Database Design – Finding Closest Matching JSON Entry

database-design

Scenario: suppose I have a list of numbers written in something like JSON stored in a database field. Something like this:

ids{1,2,3}

Let's suppose the database is filled with rows that each have a an IDs JSON field like this

entry1: someUniqueID, ids{1,2,4}

entry2: someUniqueID, ids{1,2,5}

entry3: someUniqueID, ids{1,2,3}

Is it possible with any type of database (sql, nosql, graph etc.) to efficiently structure the database for finding the entry with the closest match? As in
looking for the field ids inside a database that most closely resembles

ids{1,2,3}

entry1 has 2 numbers inside that match which are 1 and 2. therefore 66,6% match

entry2 has 2 numbers inside that match which are 1 and 2. therefore 66,6% match

entry3 has 3 numbers inside that match which are 1,2 and 3. therefore 100% match

the Query would return entry3

I know it's of course possible to read each row and compare the values using code and find the closest match. Of course if you have a large database with many thousands or even millions of rows each holding the ids field. Getting result would take ages.

Is there any database technology that would allow for fast, sub 1 seconds result of this kind, even if ids holds much more than 3 values.

By the way the values don't have to be stored using JSON. Any Direction to for me to look into would be appreciated.

Best Answer

Just a rough sketch on how you could do that with Postgres arrays.

There are two array operators that you might be interested in. The "overlaps" operator that returns true if some of the elements are the same and the "contains" operator that checks if all elements of one array are contained in the other - that would be your 100% match:

Assuming this table:

create table idlist (ids int[]);

You can create an index on that column:

create index on idlist using gin (ids);

A query to find the 100% match looks like this:

select *
from idlist
where ids @> array[1,2,3,4,5,6]

That will return only rows where ids contains all the values 1,2,3,4,5,6 (but it might contain more).

On a table with 2 million rows and arrays from 5 to 100 elements this takes about 20ms on a pretty old test server (the actual runtime depends on the total amount of matches found)
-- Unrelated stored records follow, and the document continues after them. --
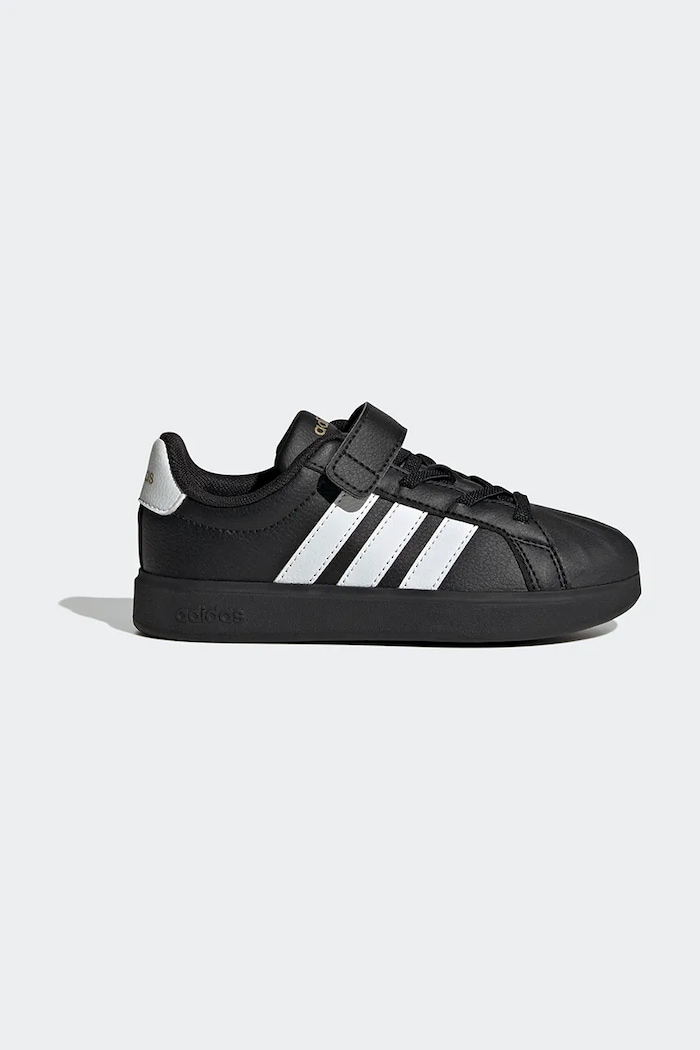 adidas sneakersy dziecięce STREETTALK imitacja skóry licowej czarny JS5055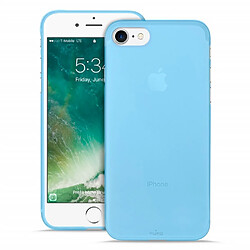 Coque arrière souple Puro ultra fine coloris bleu iPhone 7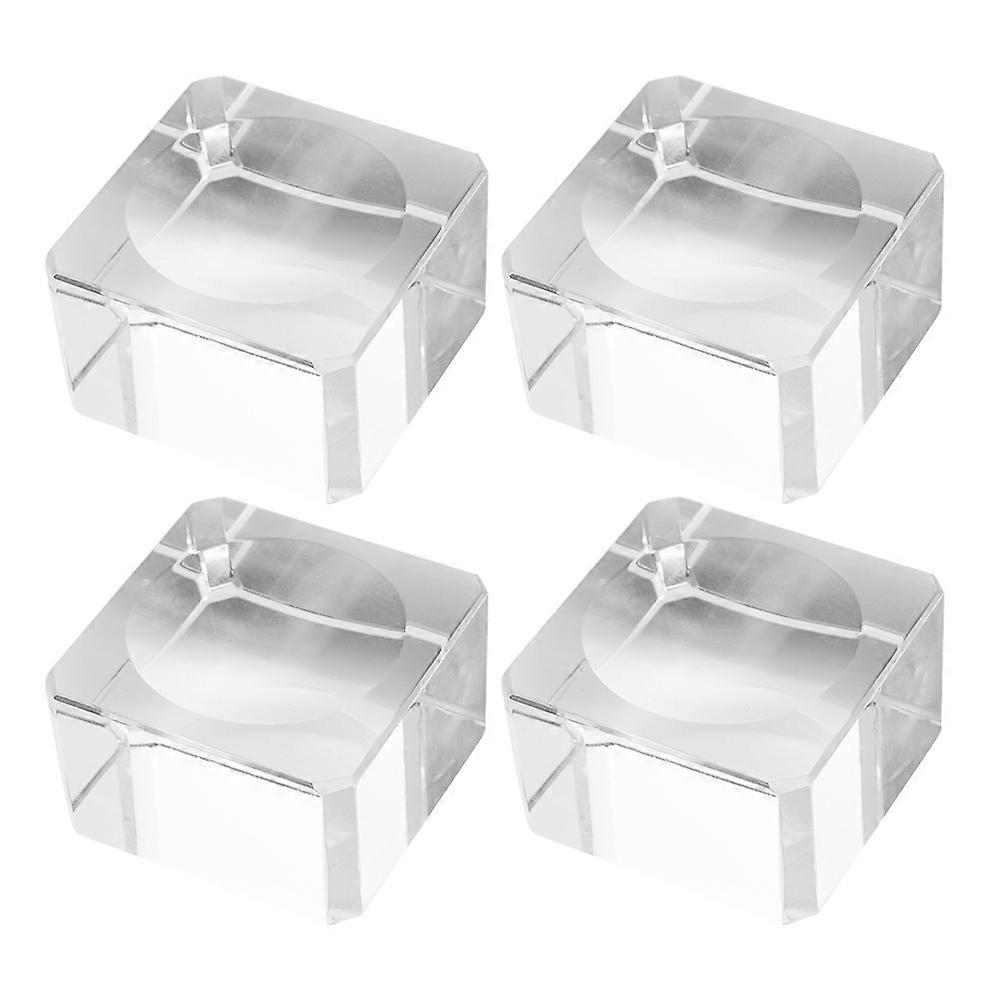 Crystal Ball Display Holder Transparent Concave Stand 4Pcs for Sphere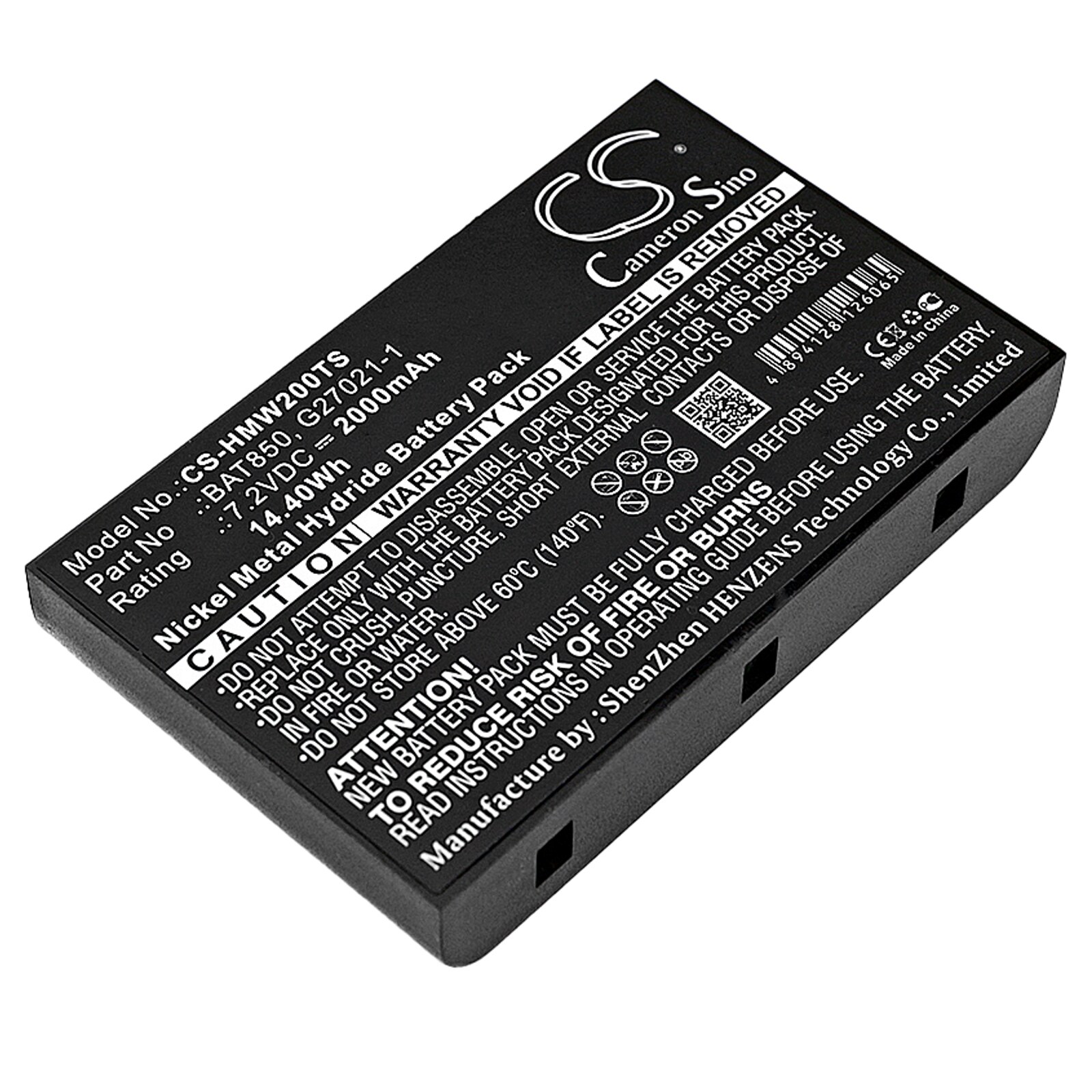 Batteri till Trådlöst headset för HME MB Base Stations, WS200, Pro 850 Intercom m.fl.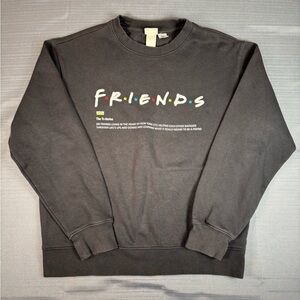Friends TV Show Crewneck Sweatshirt Logo Grey H&M XS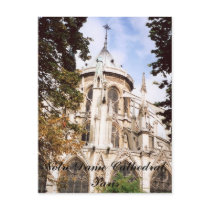 Notre Dame Cathedral, Paris Postcard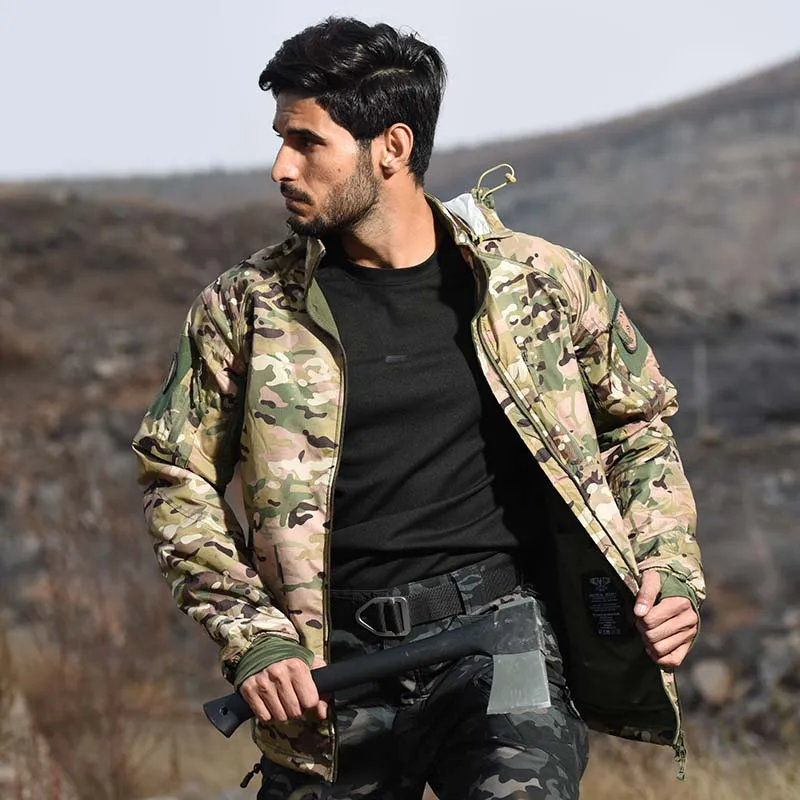 Tactical Jackets Thick Windbreaker Bomber Jacket Soft Cycling Camo Hooded Coat Hiking Jackets Light Men Clothes Chaqueta Hombre
Tactical Jackets Thick Windbreaker Bomber Jacket Soft Cycling Camo Hooded Coat Hiking Jackets Light Men Clothes Chaqueta Hombre
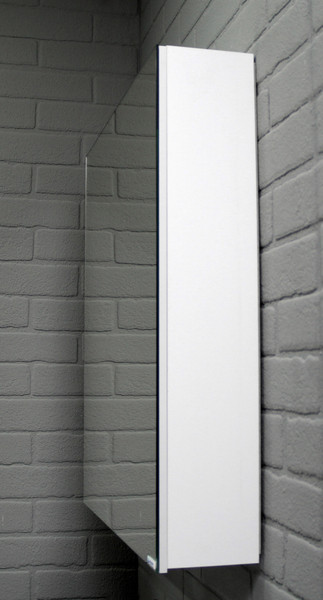 Шкаф с зеркалом для ванной Айсберг Норма 60 1 дверь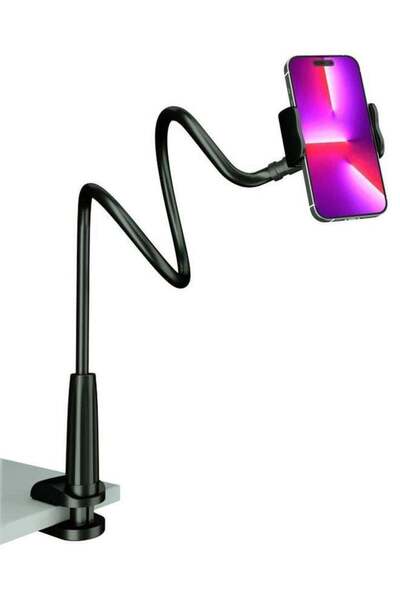 ELTRAZONE Cell Phone Clip Bed Stand Holder – Flexible Long Arm Gooseneck Moun...
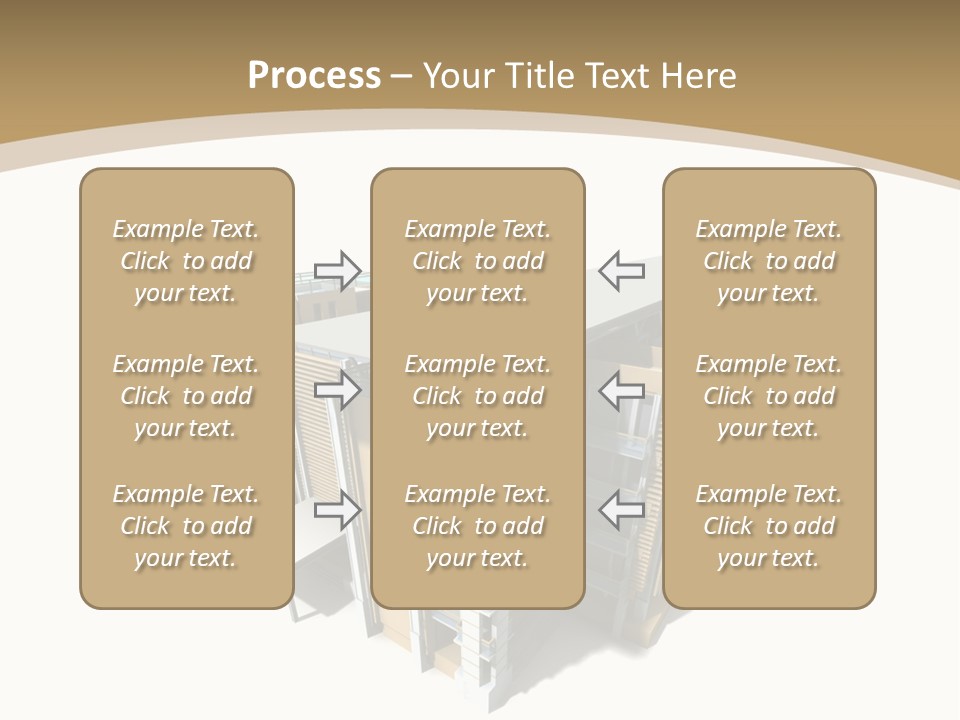 Work Perspective Silhouette PowerPoint Template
The query to find rows that contain at least one of the values of the parameter uses the && operator and is substantially slower.

select *
from idlist
where ids && array[1,2,3,4,5,6];

That takes about 300ms on my test server. But it also returns 500.000 rows! If the condition only returns very few rows (less than thousand) then obviously this is going to be a lot faster.

How you proceed from there is a matter on how restrictive the conditions are that you use. If the && operator only returns a few rows (not half a million) then maybe processing them in your application might be more efficient.

Getting the information if the input parameter is completely contained, could be done like this:

select ids, 
       ids @> array[1,2,3,4,5,6] as full_match
from idlist
where ids && array[1,2,3,4,5,6];

Another option would be to write your own function that calculates the match, or maybe use the intarray extension to efficiently calculate the intersection between two arrays.